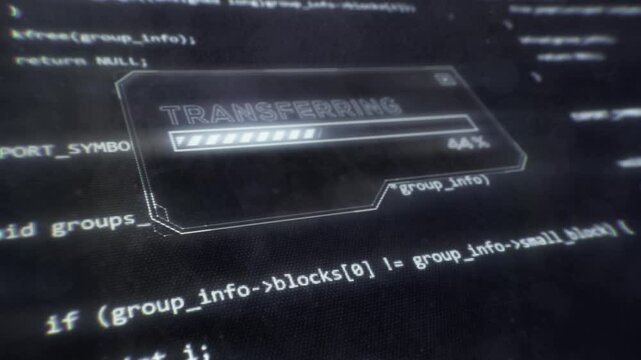 The computer code is displayed on the screen during data transmission
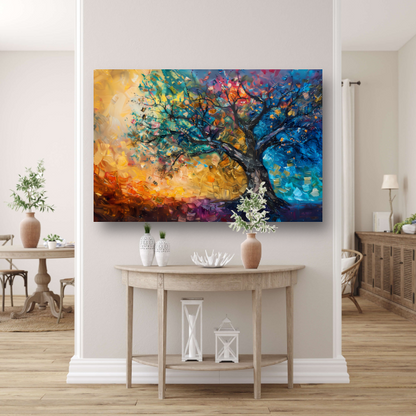 Abstract geschilderde kleurrijke boom in olieverf poster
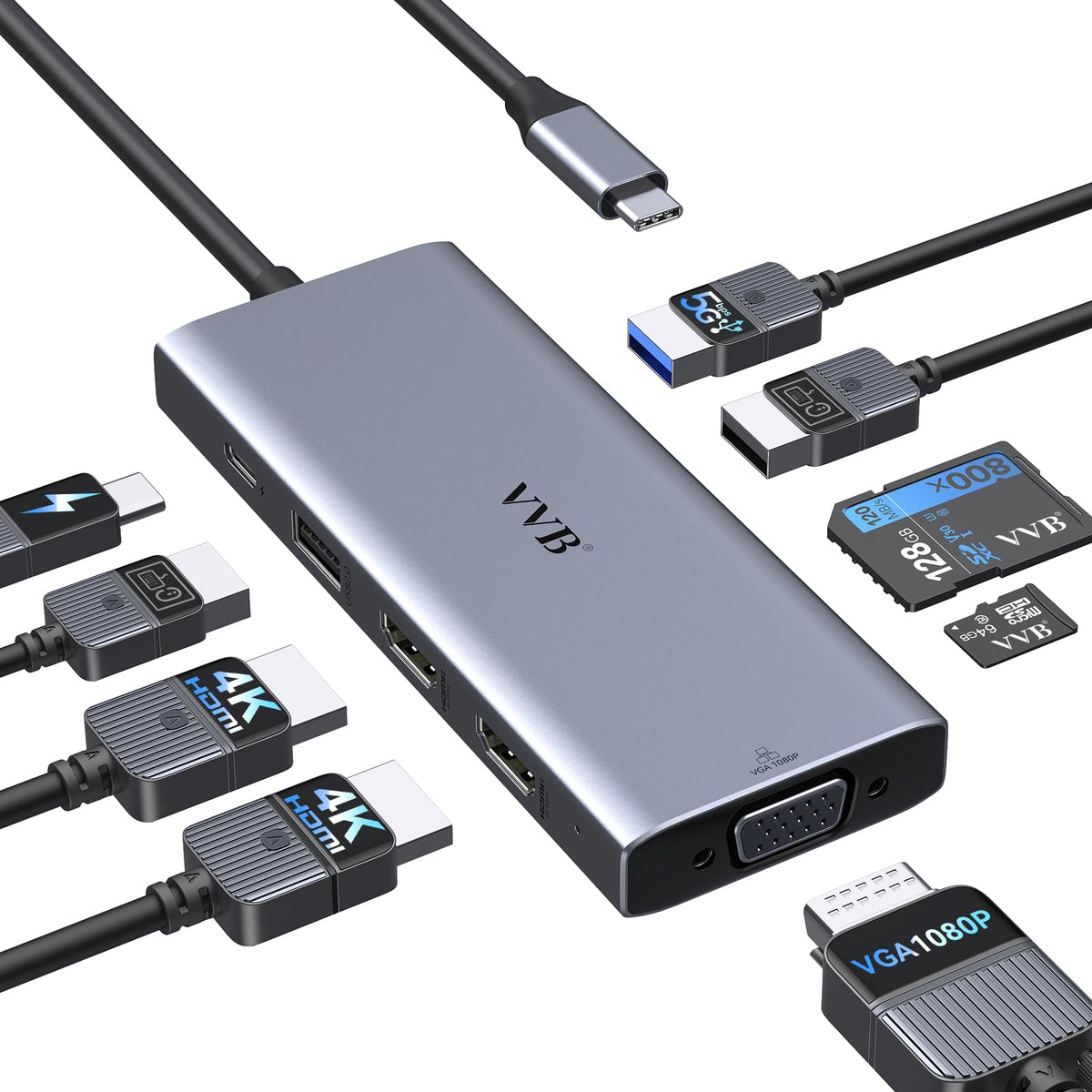 VVB docking station front view showing ports and compact housing for easy desktop expansion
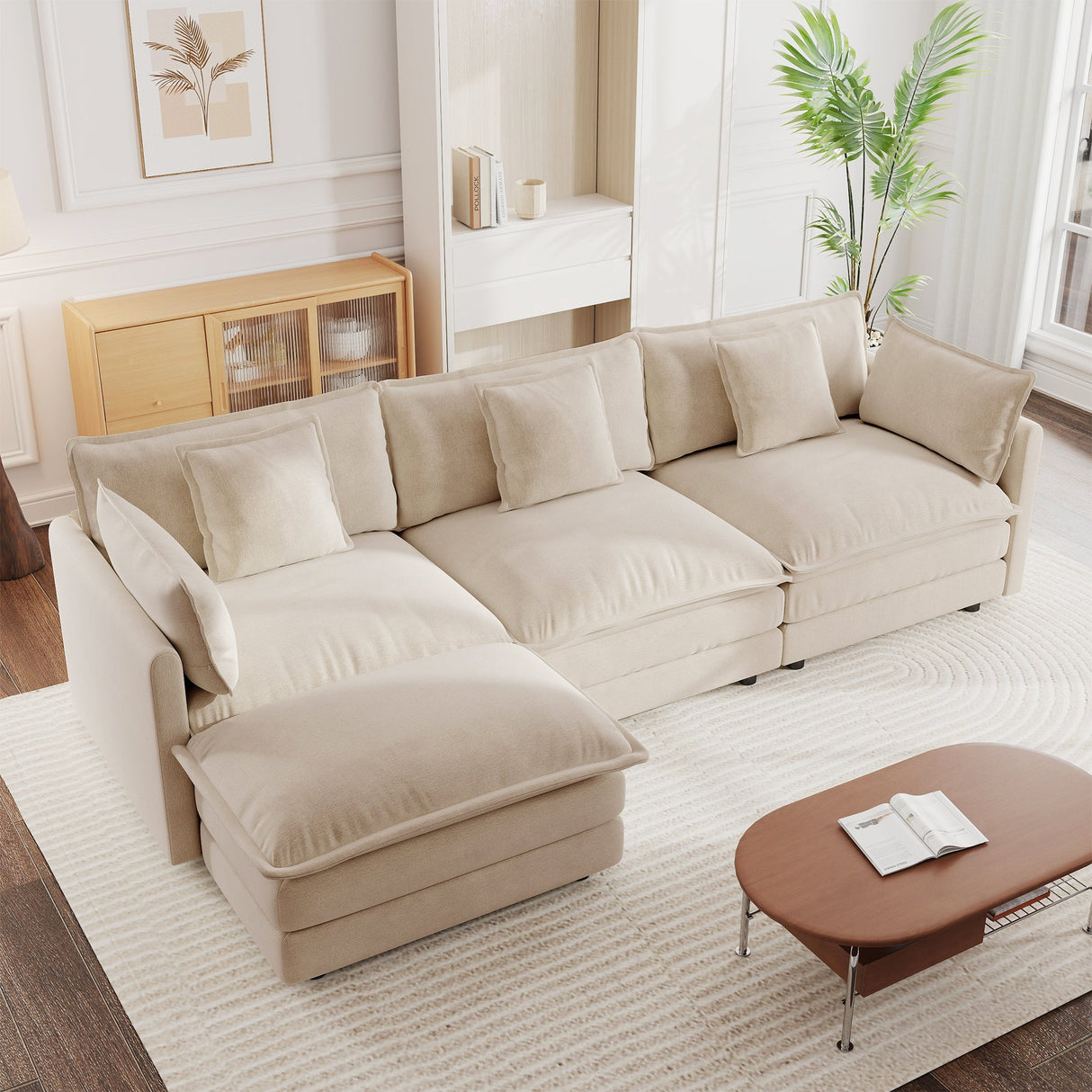 Free Combination Comfy Upholstery Modular Oversized L Shaped Sectional Sofa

> [Work to be completed]: Pictures are to be left out; the rest of the listing should be printed exactly.

> [Task solution]:
 The computer code is displayed on the screen during data transmission
 Abstract geschilderde kleurrijke boom in olieverf poster
 VVB docking station front view showing ports and compact housing for easy desktop expansion
 Free Combination Comfy Upholstery Modular Oversized L Shaped Sectional Sofa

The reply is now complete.